* [TASK DIRECTIONS]
Below are some records; give them all again exactly, but not the pictures.

* [LISTED RECORDS]
───

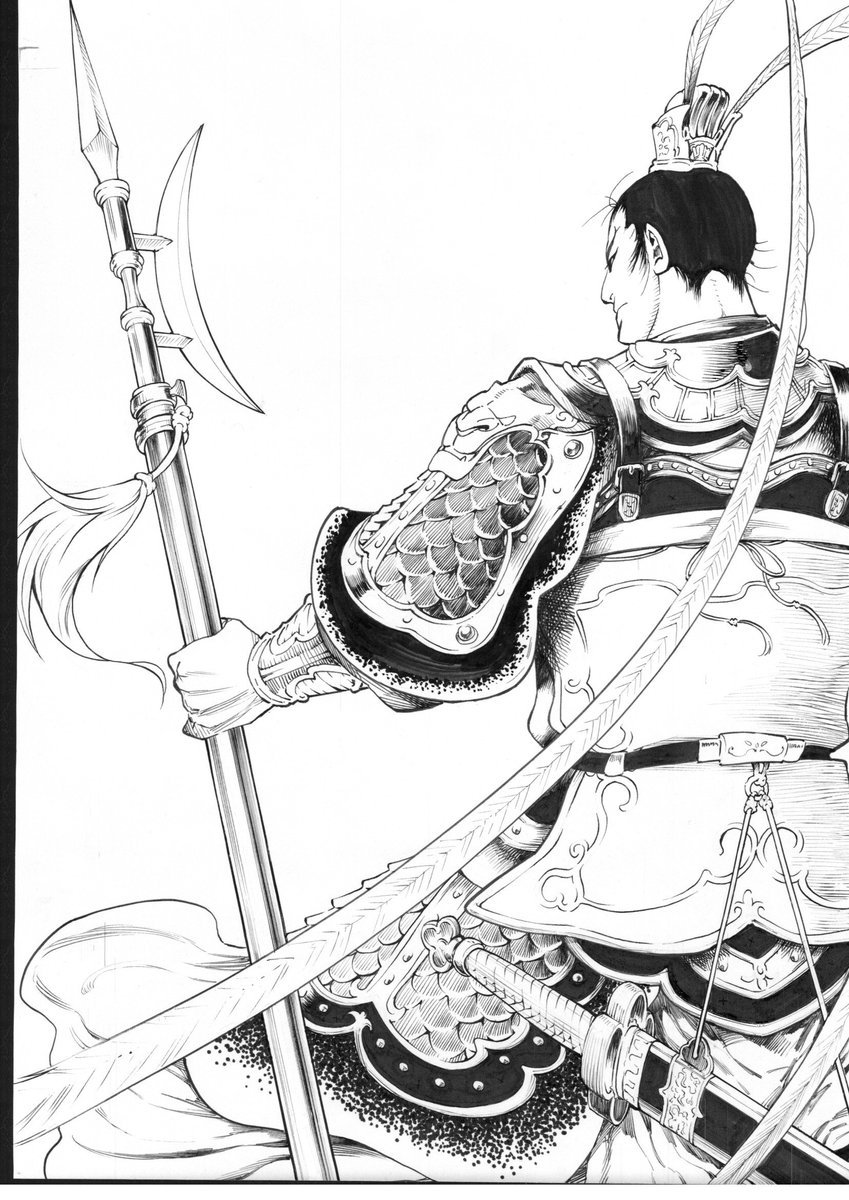 書類整理中に出てきた三国志絵。何で描いたやつかは忘れた。たぶん張遼、呂布、関羽かな。 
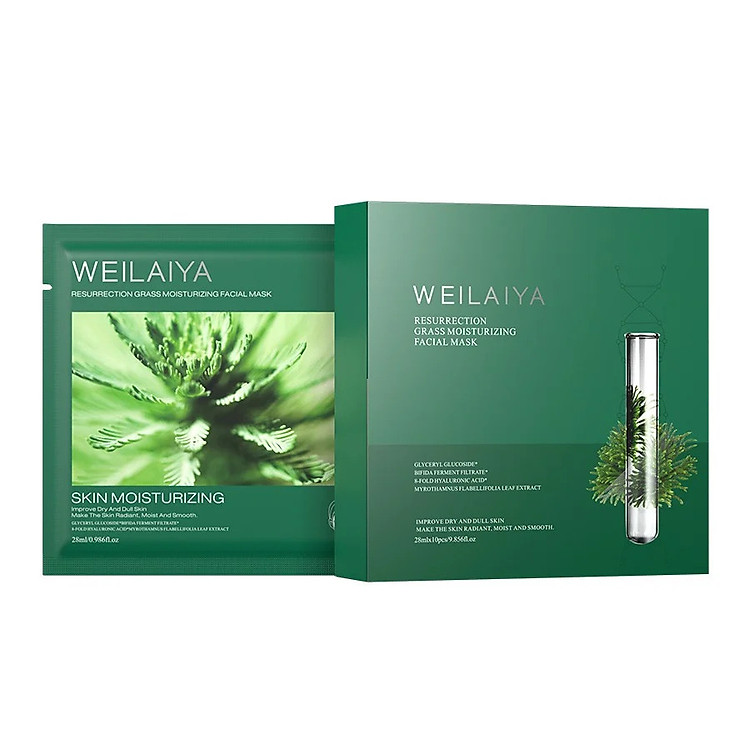 10 miếng Mặt nạ tái sinh cỏ vạn năm Weilaiya - Weilaiya Resurrection Grass Moisturizing Facial Mask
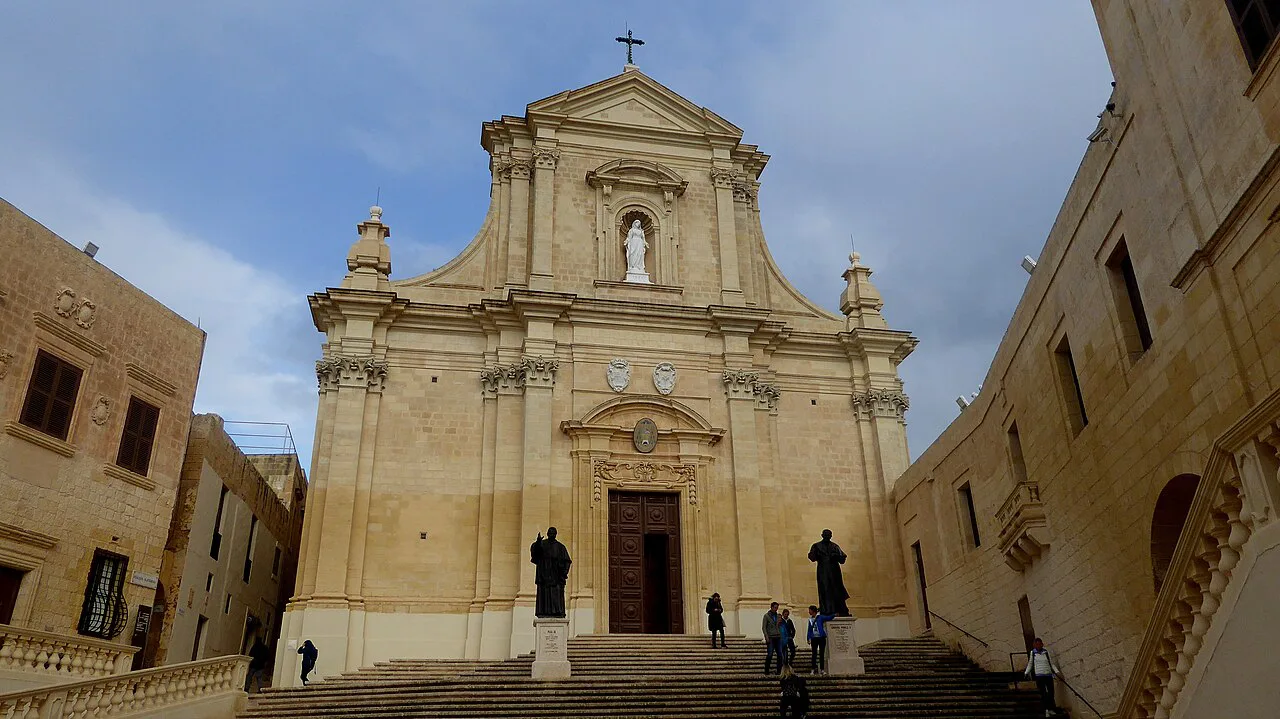 The façade of the Cathedral of the Assumption in Victoria, Gozo.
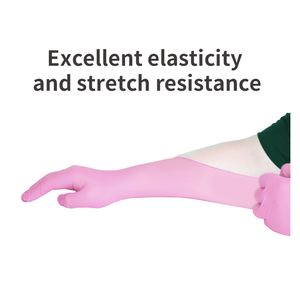 Gants jetables en nitrile M3.5g sans poudre, sans <span class=keywords><strong>latex</strong></span> rose texturé du bout des doigts pour le nettoyage de la maison du restaurant, <span class=keywords><strong>contact</strong></span> <span class=keywords><strong>alimentaire</strong></span> - Product Image 3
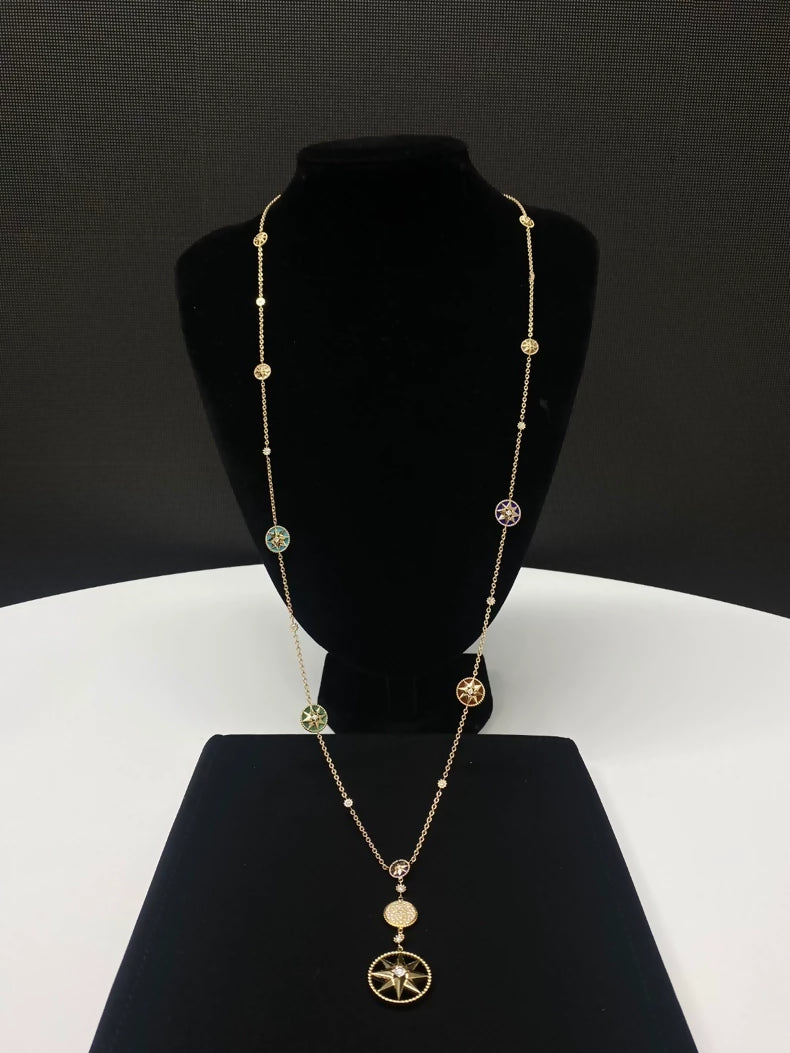 Dior Rose des Vents Compass Rose Heavy Eight-Pointed Star Long Necklace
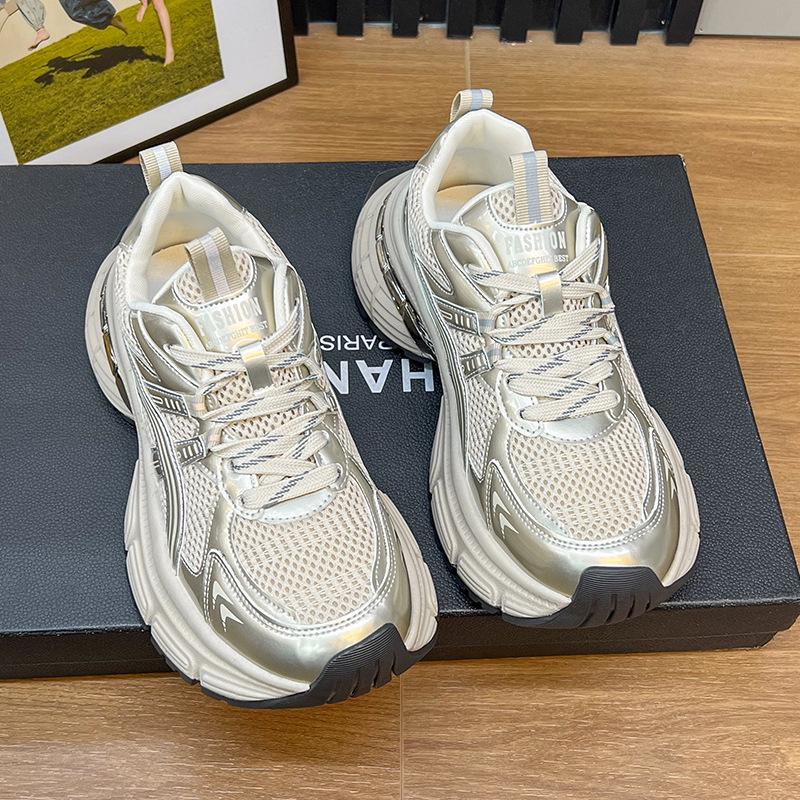 

European station thick-soled heightening dad shoes women s 2025 early spring new leather mesh breathable casual sports women s shoes 40 шампанського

───

* [RESPONSE TO THE TASK]
 書類整理中に出てきた三国志絵。何で描いたやつかは忘れた。たぶん張遼、呂布、関羽かな。 
 10 miếng Mặt nạ tái sinh cỏ vạn năm Weilaiya - Weilaiya Resurrection Grass Moisturizing Facial Mask
 The façade of the Cathedral of the Assumption in Victoria, Gozo.
 Gants jetables en nitrile M3.5g sans poudre, sans <span class=keywords><strong>latex</strong></span> rose texturé du bout des doigts pour le nettoyage de la maison du restaurant, <span class=keywords><strong>contact</strong></span> <span class=keywords><strong>alimentaire</strong></span> - Product Image 3
 Dior Rose des Vents Compass Rose Heavy Eight-Pointed Star Long Necklace

European station thick-soled heightening dad shoes women s 2025 early spring new leather mesh breathable casual sports women s shoes 40 шампанського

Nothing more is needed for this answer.